Iron Overload Side Effects
Initially the symptoms are not worrisome but as the iron levels keep on increasing, symptoms become serious. They are discussed below:
- Abdominal cramps
- Skin rash
- Muscle weakness
- Joint pain
- Poor sex drive
Too much iron, especially when taken in the form of supplements can slow down the bowel movement, which may lead to constipation. People who take iron pills on an empty stomach are more likely to suffer from constipation.
With too much iron in the diet, thick mop of hair may soon become thin. To put simply, iron overload will trigger excessive hair loss. Receding hair lines may soon be noticed if this iron imbalance is not corrected on time.
Persistently elevated levels of iron predisposes a person to liver problems. It is likely to damage the liver and cause jaundice (skin turns yellow). An enlarged liver has been associated with high blood iron levels. Liver damage due to iron build up can also manifest in the form of cirrhosis. In liver disorders, skin discoloration occurs and is often accompanied by ankle swelling.
As the blood iron level shoots up, one cannot expect a healthy heart. Abnormal heart beats or irregular heart palpitations is an indication of abnormally high levels of iron in blood. Studies show that too much iron in blood for prolonged periods can tighten and contract the blood vessels that supply blood to the heart. This may cause a sudden heart attack. Arteries becoming hard and stiff, eventually causing atherosclerosis, is yet another side effect of abnormally high levels of iron in blood. Experts are of the firm opinion that people with elevated blood iron levels are susceptible to coronary heart disease and congestive heart failure.

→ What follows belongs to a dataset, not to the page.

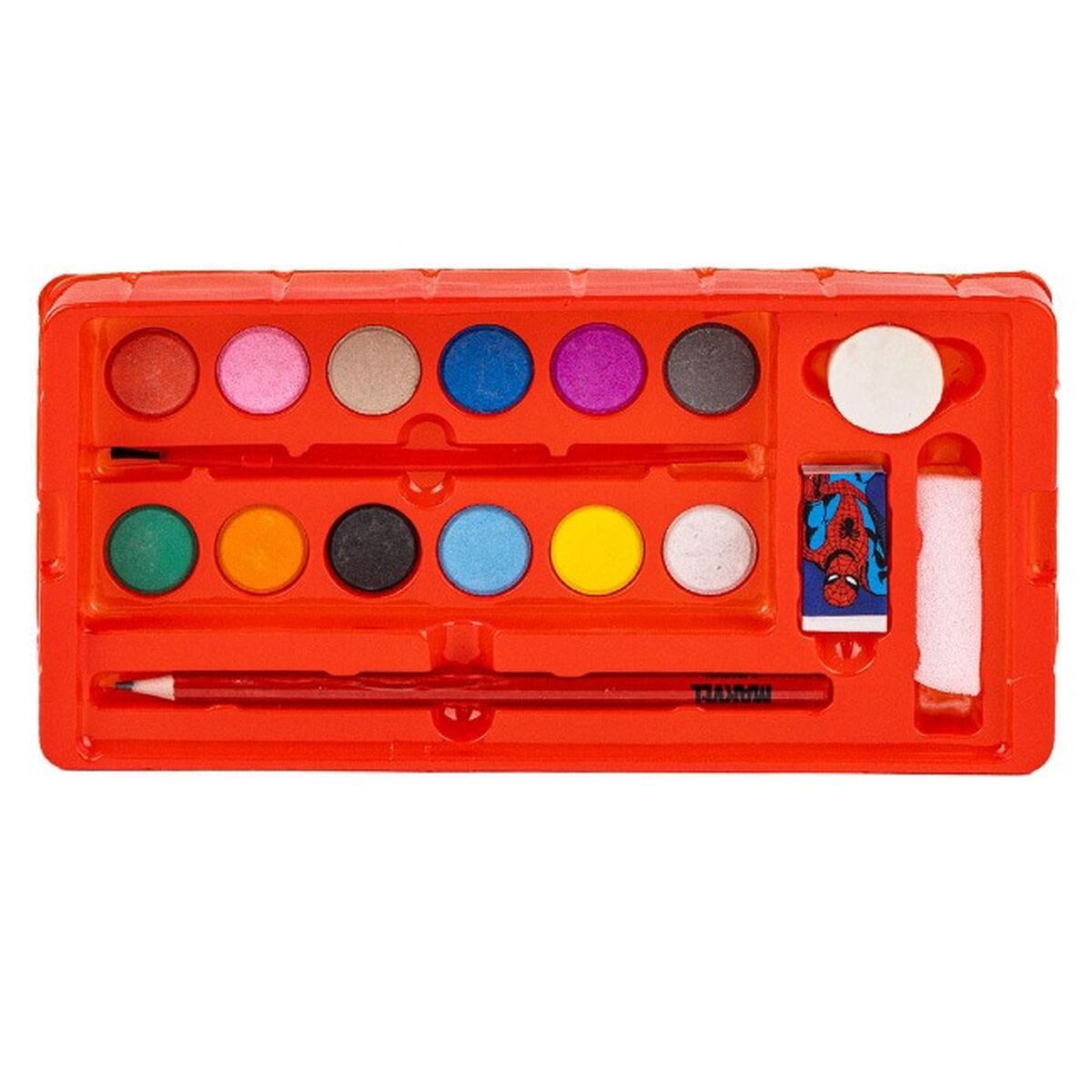 Set de peinture Marvel Porte documents Rouge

You might not have heard of iron-induced diabetes but this can happen when there are high levels of iron in blood. It is not clear how iron overload causes diabetes but studies indicate that too much iron induces proliferation of free radicals that may eventually reduce production of insulin. As the hormone insulin regulates blood sugar levels, its inadequate synthesis is likely to cause diabetes.
Consistently high iron levels in blood can interfere with normal thyroid function and cause hypothyroidism. This side effect is relatively common in hemochromatosis patients. The pituitary gland located in the brain controls working of the thyroid gland. However, too much iron can trigger pituitary gland function, eventually resulting in thyroid problems
High Blood Pressure
This side effect is commonly observed in pregnant women, who take iron supplements in high doses to prevent iron deficiency anemia. During pregnancy, women are at increased risk of low blood iron levels. Therefore, pregnant women are often advised to take iron pills but an iron overdose can lead to elevated blood pressure levels.

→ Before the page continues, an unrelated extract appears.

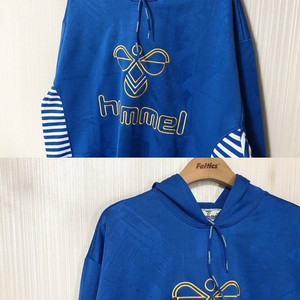 험멜(hummel)빅로고후드티셔츠 3XL/험멜올드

Although hemochromatosis is categorized as a hereditary condition, it does not mean that the symptoms will be noticed soon after birth. It may take years before the person starts showing symptoms. Usually, the symptoms of this condition manifests when the person is in his 30s. It is very unlikely to experience too much iron symptoms in the early stages of life. Also, depending upon individual health and the severity of the condition, symptoms may differ. There have been cases, wherein this hereditary condition was accidentally detected in blood test but surprisingly the person had never complained about any high blood iron symptoms.
Chelation therapy that involves taking certain drugs to get rid of excess iron, is often used to treat hemochromatosis. Moderate consumption of iron rich foods, staying away from iron supplements as well as extraction of blood in small amounts on a regular basis can also help to alleviate the side effects associated with iron overload.
Disclaimer: The information provided in this article is solely for educating the reader. It is not intended to be a substitute for the advice of a medical expert.